Application of Anticoincidence Technology to Burn-Up Measurement Systems in High-Temperature Gas-Cooled Reactors

Abstract

Nuclear energy is the focus of sustainable energy development worldwide. A high-temperature gas-cooled reactor (HTGR) plays a vital role in the development of nuclear energy. In a pebble-bed HTGR, the burn-up measurement system is important for ensuring reactor safety and economy. This study optimized a burn-up measurement system by adding anticoincidence technology with bismuth germanium oxide (BGO) crystals and a plastic scintillator used as anticoincidence detectors.

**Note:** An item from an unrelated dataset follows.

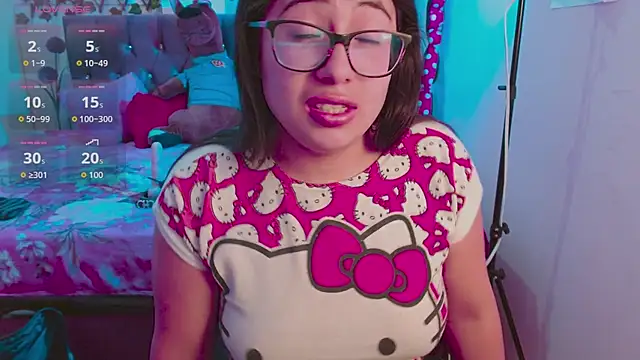 Anny  cute online show from October 2025 09:16:01 PM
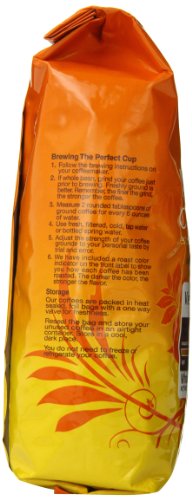 White Coffee Whole Bean Coffee, Viennese, 12 Ounce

Through Monte Carlo simulation, the detection effects of two different anticoincidence detectors on fuel elements were compared and analyzed. The study focused on varying the wall thickness and top thickness of these detectors to optimize the peak-to-Compton ratio (P/C). The results showed that the size of the BGO detector with the best anticoincidence effect (P/C of 727) consists in a diameter of 140 mm and a length of 210 mm. The best plastic scintillator size (P/C of 180) consists in a diameter of 260 mm and a length of 260 mm. Adding the anticoincidence technology lowered the Compton plateau of the measured gamma spectrum and significantly improved the detection performance of the burn-up measurement system. The new burn-up measurement system has improved detection precision not only for Cs-137 but also for low-activity nuclides.